Terzo, le fabbriche di vestiti sono luoghi orrendi dove spesso gli operai guadagnano meno del salario minimo.
Sono essenzialmente schiavi dell'industria, senza possibilità di guadagnare abbastanza per dar da mangiare alle loro famiglie e pagare l'affitto, lasciati da soli nel mettere qualcosa da parte per il futuro o per l'istruzione dei loro figli. Ma le imprese non aumentano gli stipendi perchè i consumatori non vogliono pagare di più per i vestiti. È un circolo vizioso.

Il libro mi fa essere felice di vivere in una piccola città in cui ci sono pochi grandi negozi, il che rende più semplice evitare la tentazione di comprare. Spiega anche le esperienze frustranti che ho avuto spesso con i vestiti - jeans strappati la prima volta che li ho messi, magliette che si sformano, tessuti che si infeltriscono, scarpe che stazionano permanentemente nella scarpiera perchè troppo scomode da indossare ecc. Mi sono davvero sentita meglio dopo aver saputo che si tratta di una questione di qualità e che non è detto che debba sempre essere così.

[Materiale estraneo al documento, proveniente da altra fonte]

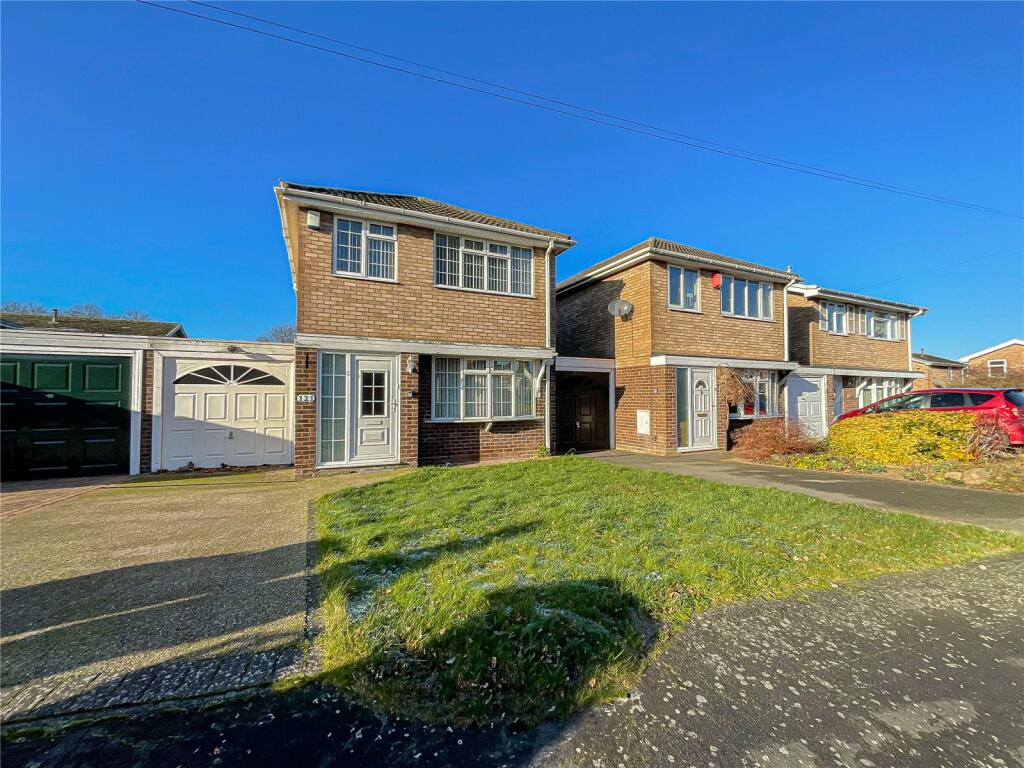 Briar, Tamworth, Staffordshire, B77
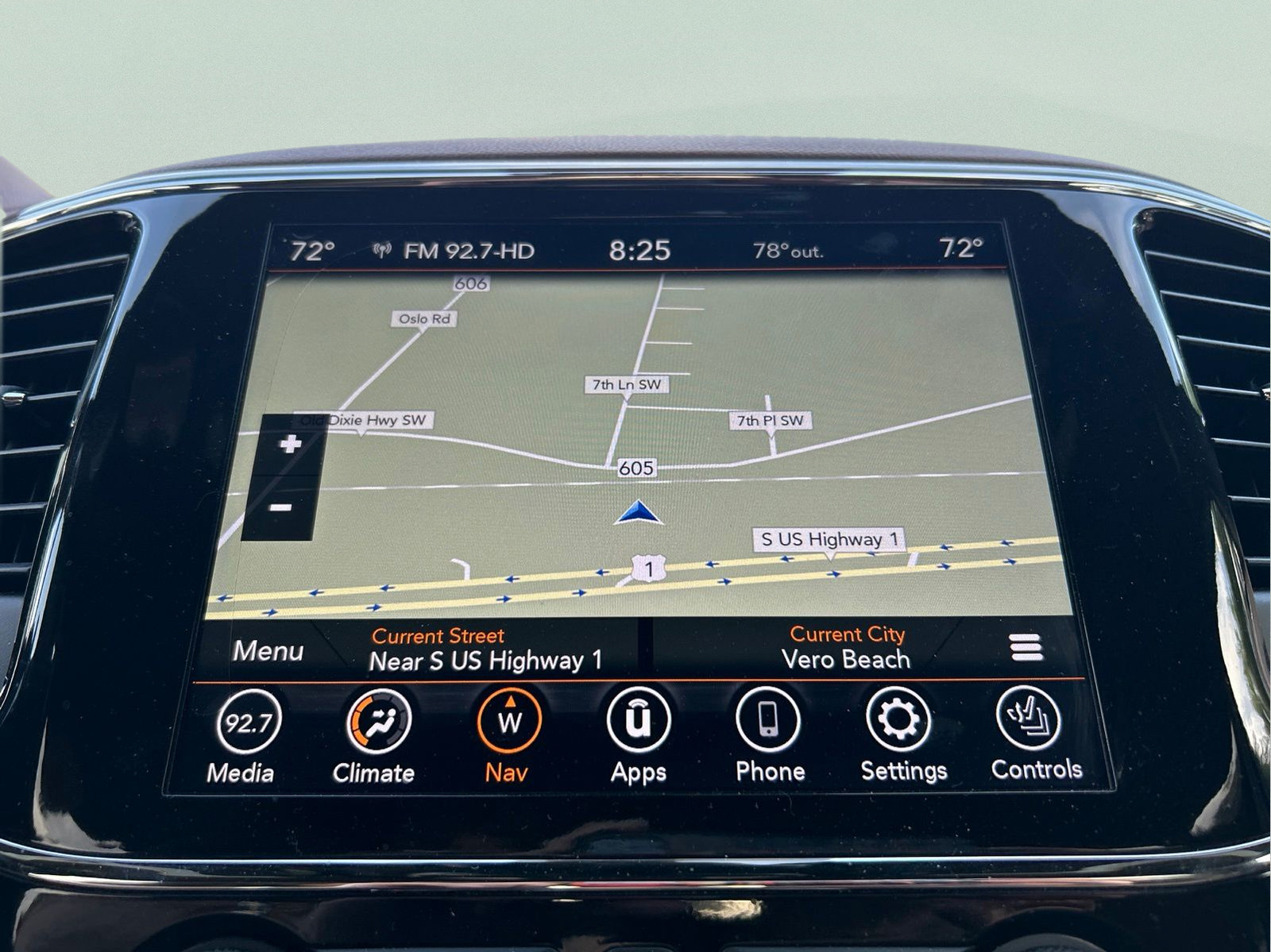 Certified 2021 Jeep Grand Cherokee Summit w/ Platinum Series Group AWD/4WD image 17
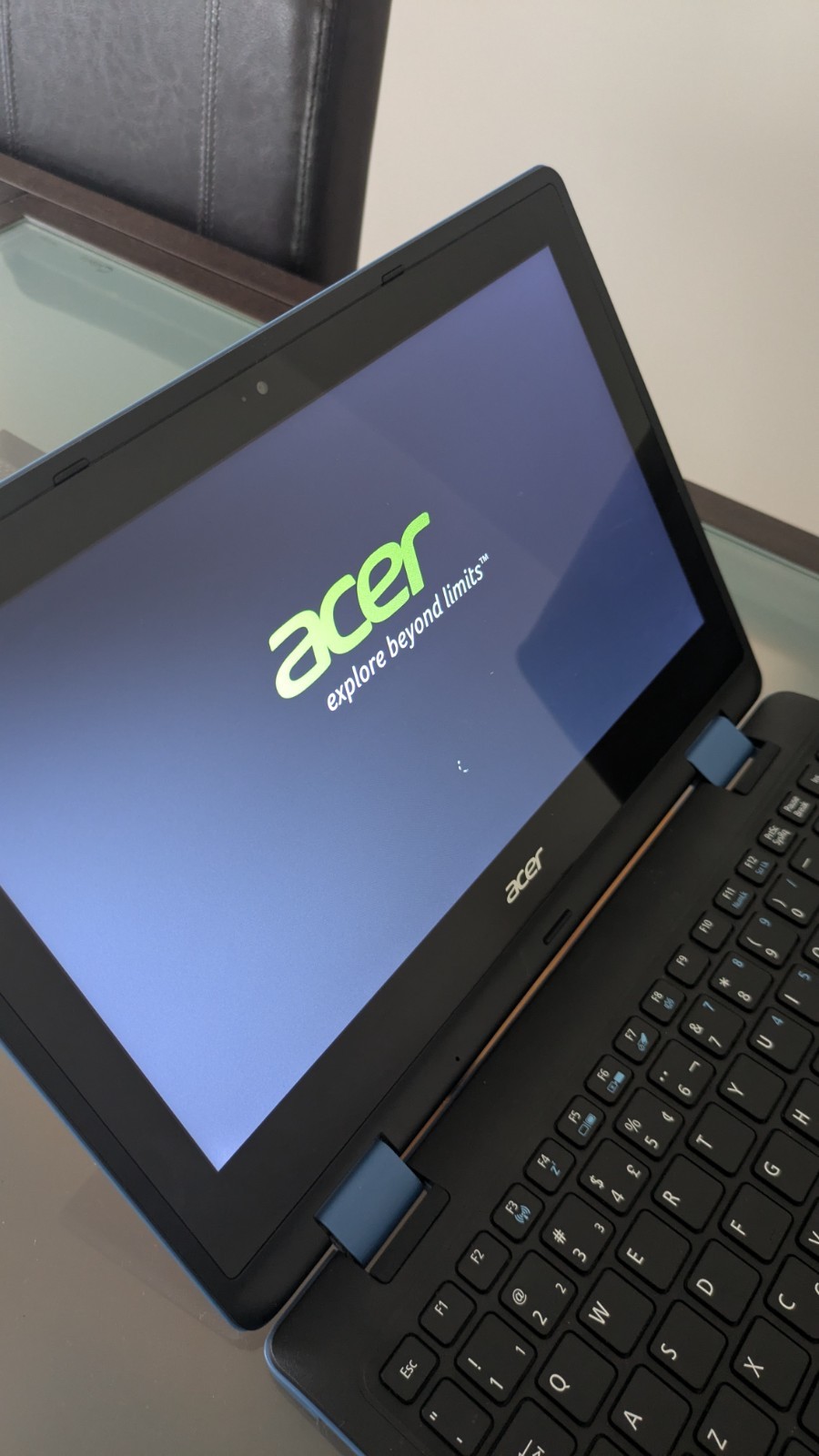 Acer Aspire R3 960GB SSD 8GB RAM Celeron N3710 1.6GHz Win 10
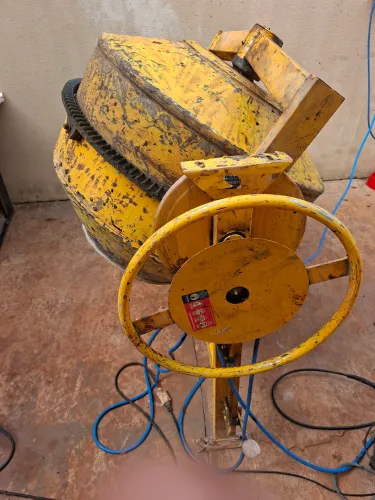 Vendo betoneira seminova 400 litros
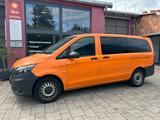 Mercedes-Benz Vito Tourer 114 BT 4MATIC Pro 9-Sitzer 2xKlima - Mercedes-Benz Vito: Taxi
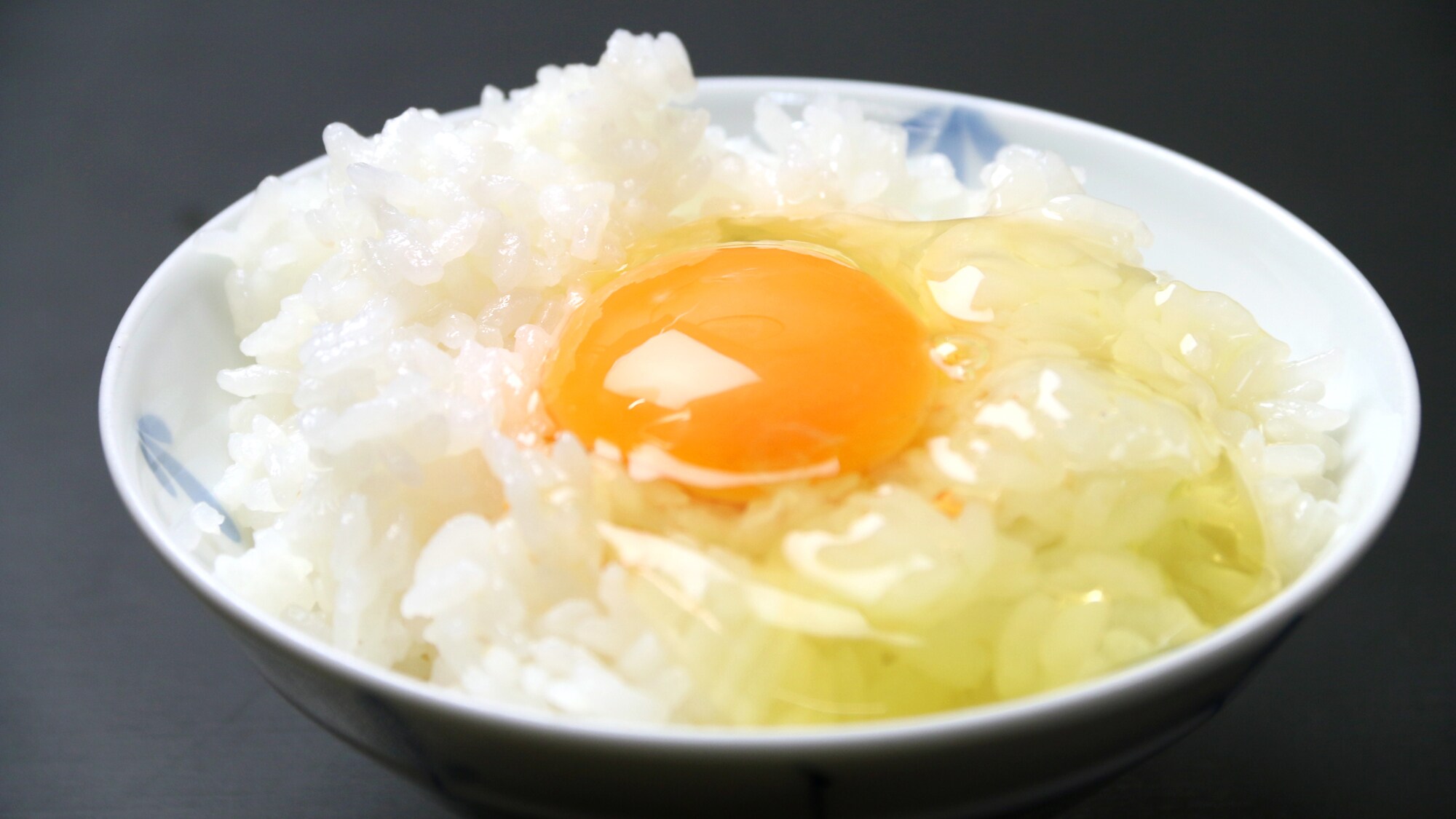 Untuk sarapan, kami menawarkan nasi lezat dengan telur mentah di atasnya!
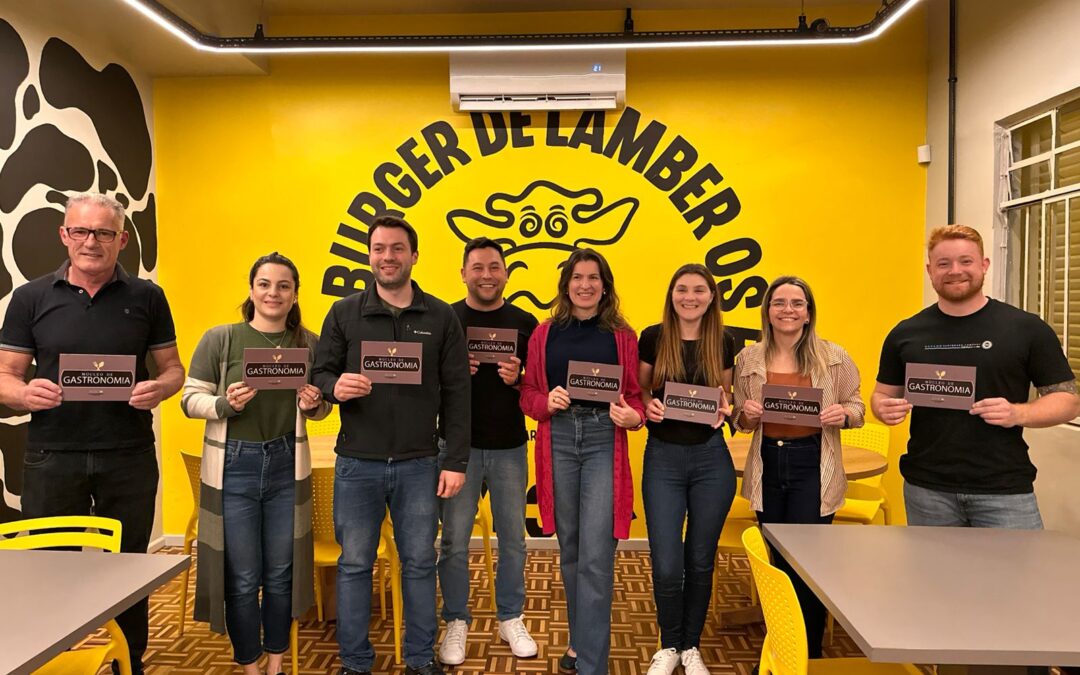 Núcleo de Gastronomia realiza visita técnica e faz a entrega do selo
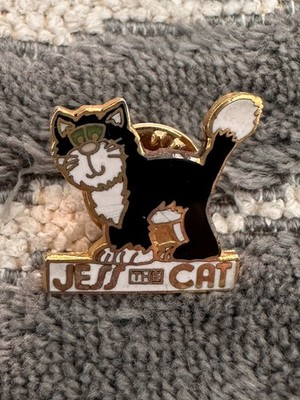 Postman Pat JESS THE CAT Vintage Kids TV Character Enamel Metal Pin Badge (D/15)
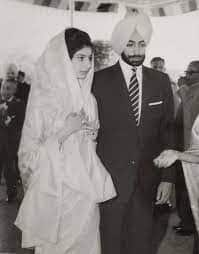 ਪ੍ਰਧਾਨ ਮੰਤਰੀ ਨਰਿੰਦਰ ਮੋਦੀ ਨੇ ਵੀਰਵਾਰ ਨੂੰ ਪੰਜਾਬ ਦੇ ਮੁੱਖ ਮੰਤਰੀ ਕੈਪਟਨ ਅਮਰਿੰਦਰ ਸਿੰਘ ਦੇ 79ਵੇਂ ਜਨਮ ਦਿਨ 'ਤੇ ਸ਼ੁਭਕਾਮਨਾ ਕਰਦਿਆਂ ਉਨ੍ਹਾਂ ਲਈ ਤੰਦਰੁਸਤੀ ਤੇ ਲੰਬੀ ਉਮਰ ਦੀ ਕਾਮਨਾ ਕੀਤੀ ਹੈ।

Ho apprezzato la proposta di Cline per un movimento  "vestiti slow" (simile allo slow-food). Le persone hanno bisogno di disintossicarsi dalla dieta fast fashion. La soluzione è sia iniziare ad investire nell'abbigliamento ideato e realizzato localmente ( sì, investire - perchè si tratterà di una maggiore spesa economica, ma sarà probabilmente molto più bella, che si indossa meglio e più durevole), o iniziare a cucire, rammendare, e reinventarsi i vestiti da soli. Mi piace soprattutto quest'ultima idea, anche se non  so nulla di cucito. Saper cucire è favolosamente liberatorio e utile, proprio come saper cucinare.
 Raccomando questo libro,  ma dovete essere preparati ad iniziare a guardare le etichette dei capi,  i tessuti e gli stili sotto una nuova inquietante luce.